I had to read this article several times to understand exactly what was going on and what was confusing me. Namely a piece in the Belgian newspaper “Nieuwsblad” (means… “Newspaper) proclaims the bakfiets as the safest type of bike for carrying kids, safer thus than bike trailers or child seats on conventional bikes. Now that’s no great surprise for me and not a finding I have any reason to argue. I carry my own two precious ones in a bakfiets and further earn my salary making and selling them. Workcycles has thousands of bakfietsen on the roads and thus far, knock wood, we’re not aware of any notable injuries. Then again we’ve also sold thousands of conventional type bikes, many of them equipped to carry kids and ridden daily, and I’m not aware of any notable injuries there either. So that’s not a terribly conclusive comparison; It just suggests that carrying kids on bikes is a very safe thing to do.

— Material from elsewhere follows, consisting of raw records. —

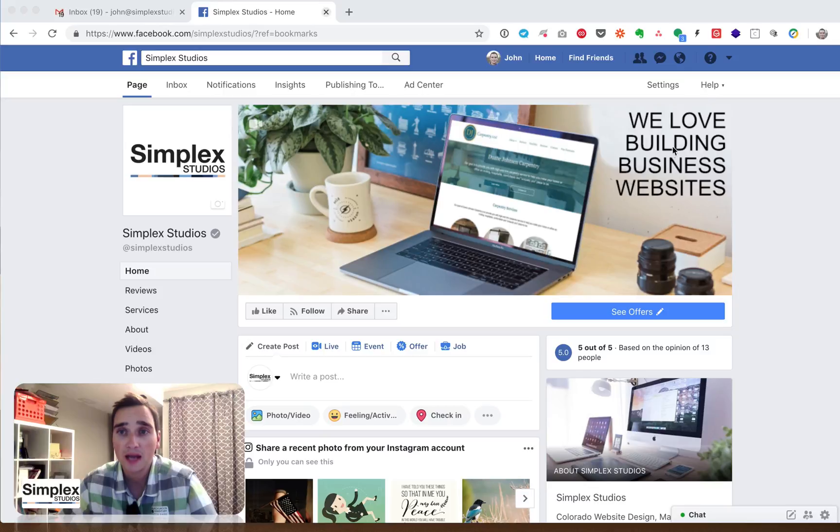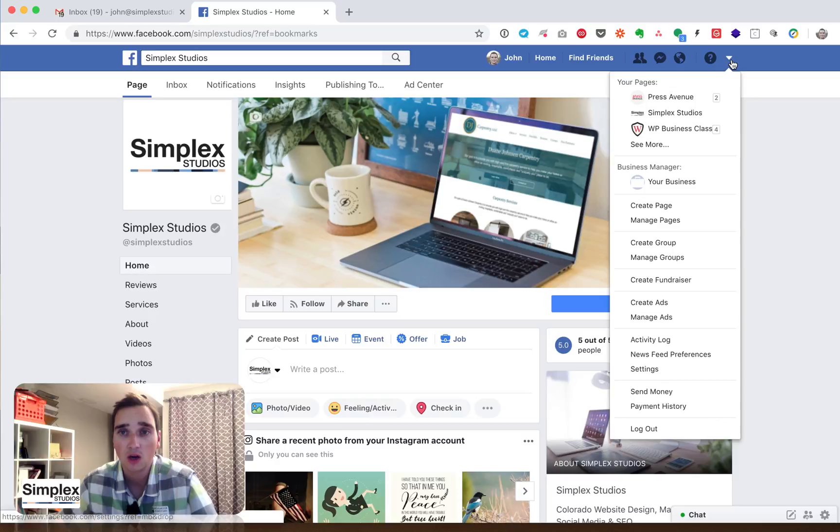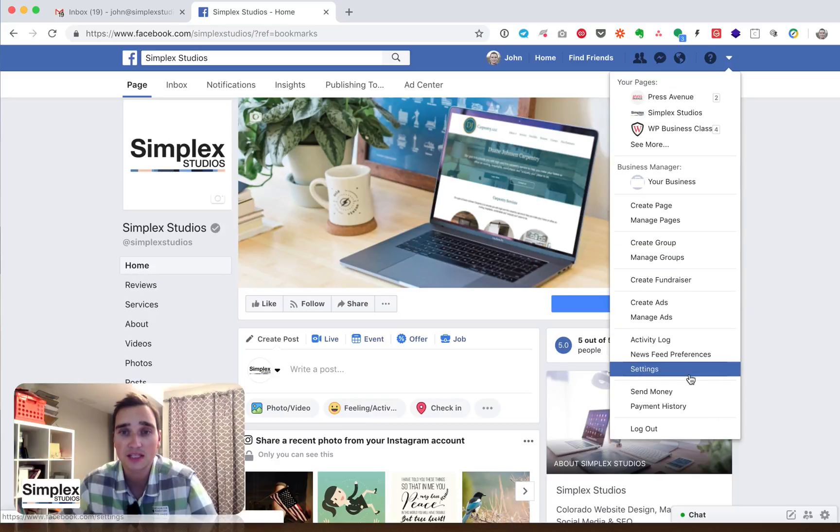We're going to go ahead to the top right-hand corner. There is a down arrow or a down triangle. Go ahead and click that and go to settings.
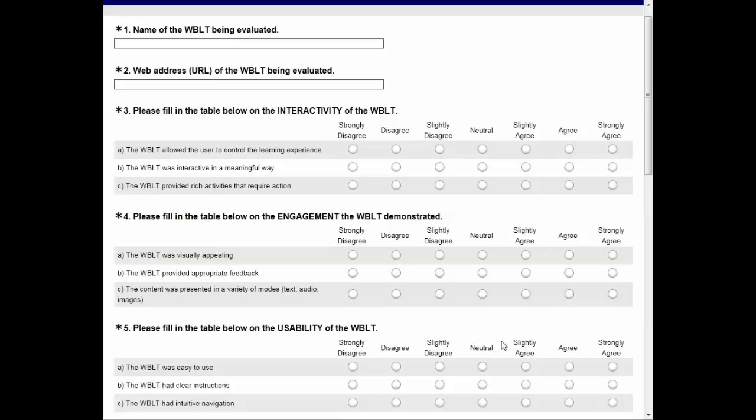I'm going to talk a bit about internal reliability. Usually you see this term in the development of a scale or reporting whether a scale is reliable. What that means is that the items in the scale correlate highly with each other.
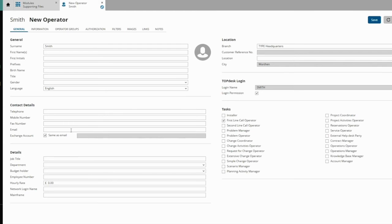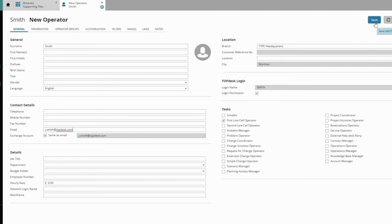You'll also want to fill in the caller's email address. TopDesk needs this address to notify agents when a new task is available, or when a task has been updated. And as always, when you're done, click Save.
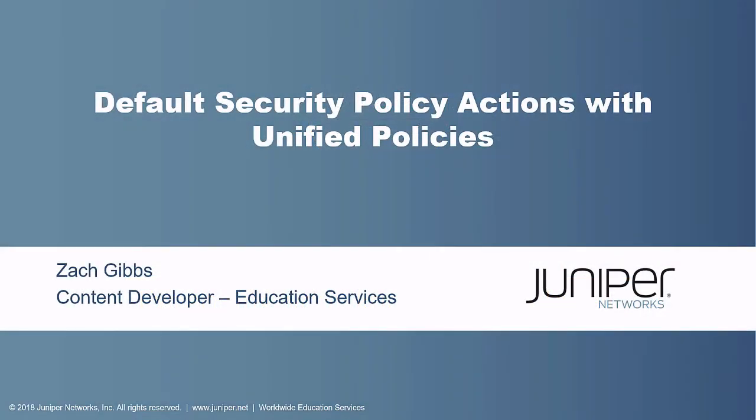Hello, my name is Zach Gibbs and I'm a content developer within education services inside Juniper Networks. Today we will be discussing the default security policy actions with Unified Policies Learning Byte.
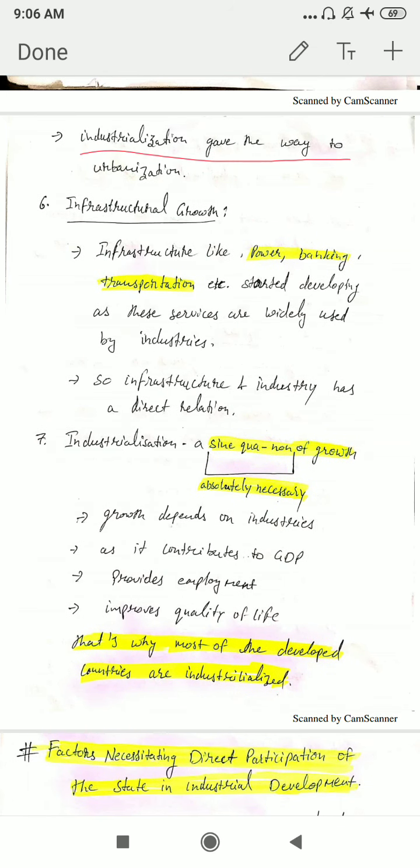The next point is industrialization as sine qua non of growth. Sine qua non means that which is absolutely necessary. So for growth, industrialization was absolutely necessary. Growth depends on industries as it increases overall GDP, provides employment in the economy, and improves the quality of life of the people. That's why most developed nations are focusing on improving their industries and increasing their industrialization. Therefore, industrialization is a sine qua non of growth.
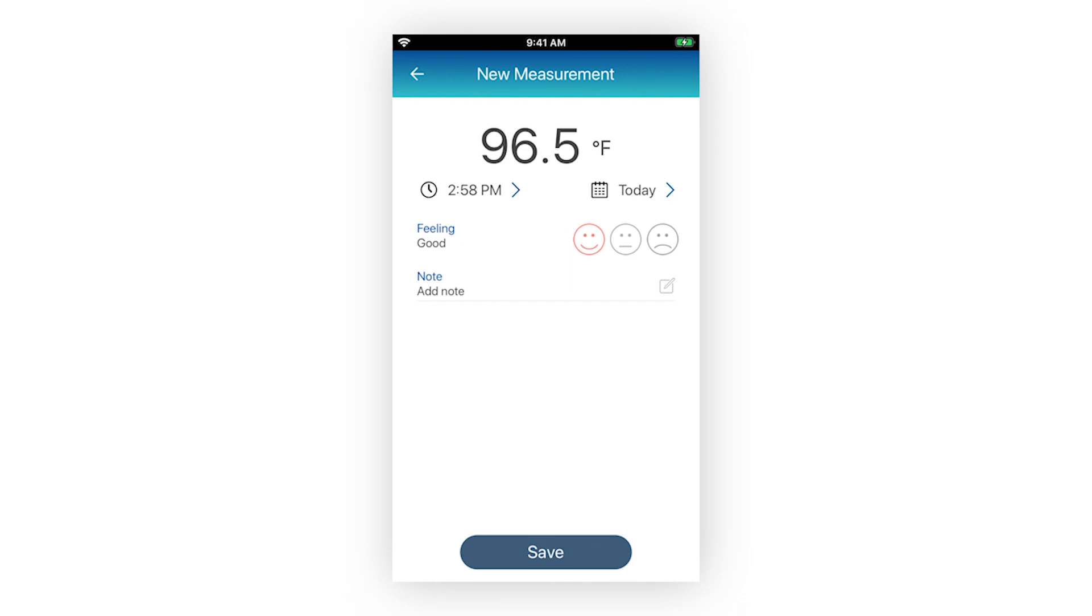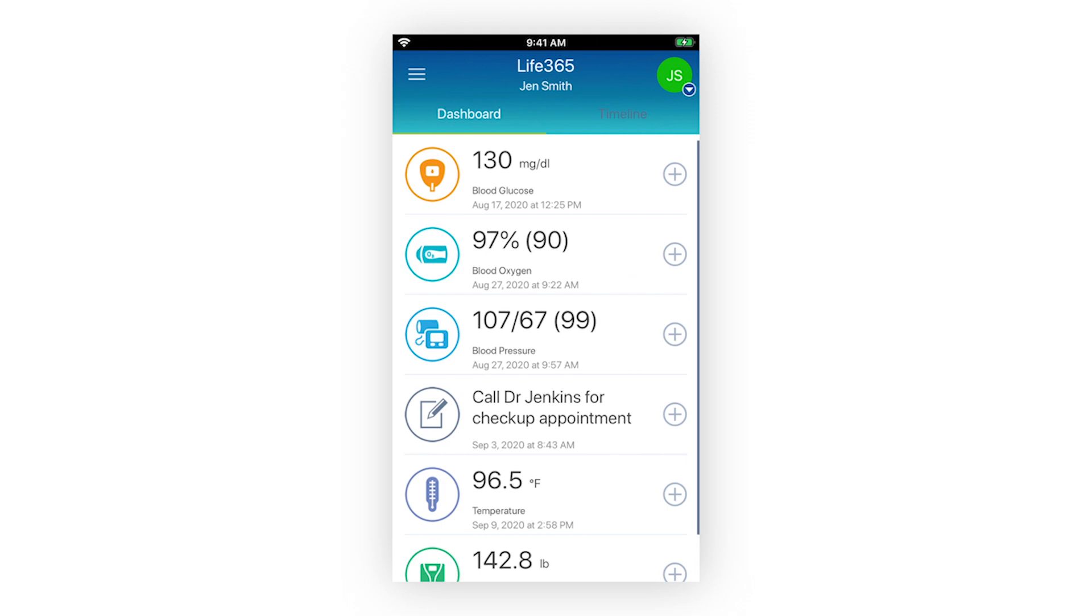For some measurement types, you can enter additional information, such as notes or how you were feeling when the measurement reading was taken. Once all information has been entered, select the button Save. Upon saving, you will be navigated to your dashboard screen.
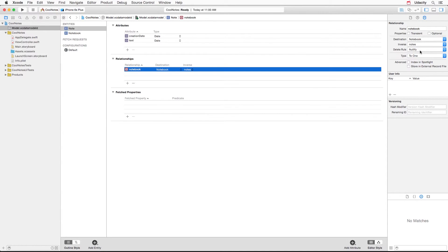One last warning before we move on: getting your deletion rules wrong is one of the most common beginner mistakes. If you set cascade on both relationships, your app will crash — we'll talk about that later. So pause this video now and set up your deletion rules. And that's it — we're done setting up the model, and from now on it's going to be pretty smooth sailing.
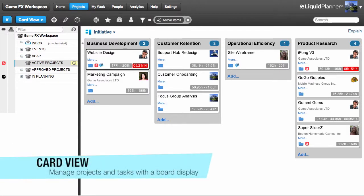CardView allows you to manage the execution of projects and tasks using a board display. This video will teach you the basics of using CardView and show you some best practice examples.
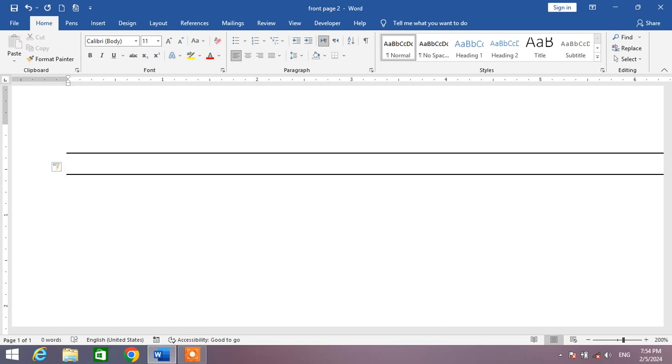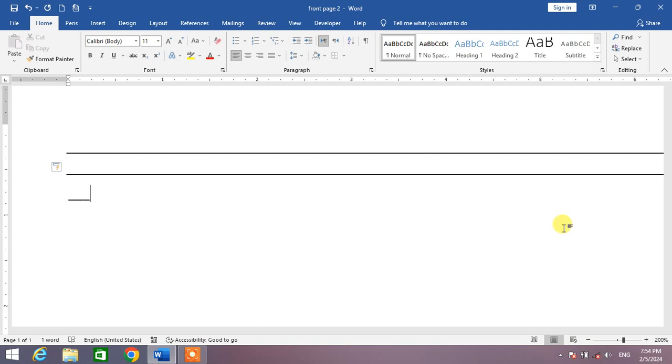Now if you want to insert a bold line, simply press and hold Shift key, then insert underscore three times, then press Enter. You can see a bold line has been inserted.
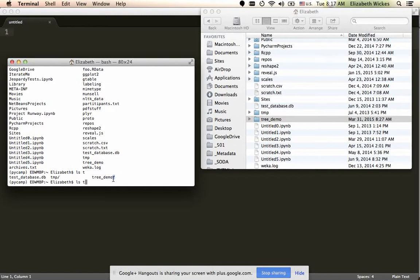and I'm just going to show I see, oh, tree demo with a slash, and that shows me that there's a folder.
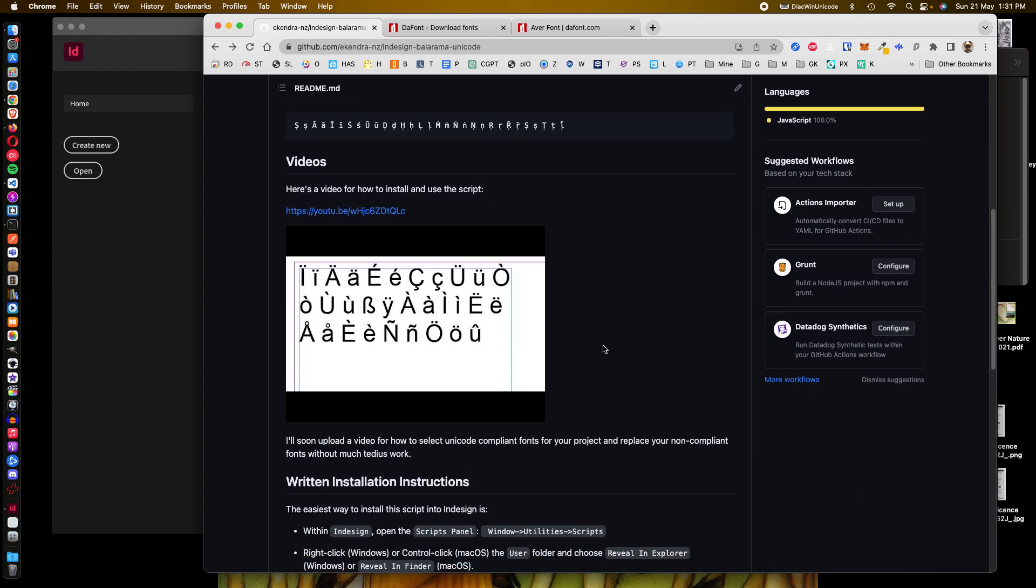The last video was on how to install this script and do a character replacement in the background which shouldn't affect any formatting.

The Nieuwsblad article refers to a recent test by the German Automobile Club (ADAC). So I searched the ADAC site (geez it’s handy to be able to understand a few languages!) as source but nowhere could I find any mention of a bakfiets, never mind a test comparing the safety of kids carried by bakfiets with anything. I did however find an ADAC test comparing child carrier trailers with child seats on conventional bikes. In this study ADAC compared one top-tested trailer (Burley Cub) against one top-tested rear child seat (Römer, model not specified). Nieuwsblad reported that they simply rammed each rig into a stationary object at 25km/hr but on the ADAC site they show each rig being rammed from the side by a VW Golf and report that the head-on collision was also tested. That covers a broader range of high-danger crash scenarios than Nieuwsblad 25km/hr head-on bike T-bone. Not surprisingly, the trailer tended to remain on two wheels while the much higher mounted child seat on regular bike was consistently knocked over.
Just for background info our German neighbors LOVE testing products and they relish putting a big “Zeer Gut” or “Gut” in red letters on advertisements and products. They’re also renowned for their rigorous testing methods. The bike tests run by German cycling magazines absolutely put to shame the fluff published by the US bikey press. The Dutch bike rags fall somewhere in between but they still bore me to death.
But how then did Nieuwsblad conclude from a test comparing trailer and rear child seat that a bakfiets is the safest?Good question! Well it seems that Roel De Cleen of the Belgian Fietsersbond (Cyclists’ Union) just made that part up. I don’t mean to imply that it’s an unreasonable conclusion. It is actually a very logical extrapolation… but it’s just not supported by the data cited in the article. Moral of the story: Be critical when reading test results, especially when not reading the original source.
Happy New Year everybody!
I hope I’ll have more time to write in 2012 since 2011 was rather sparse.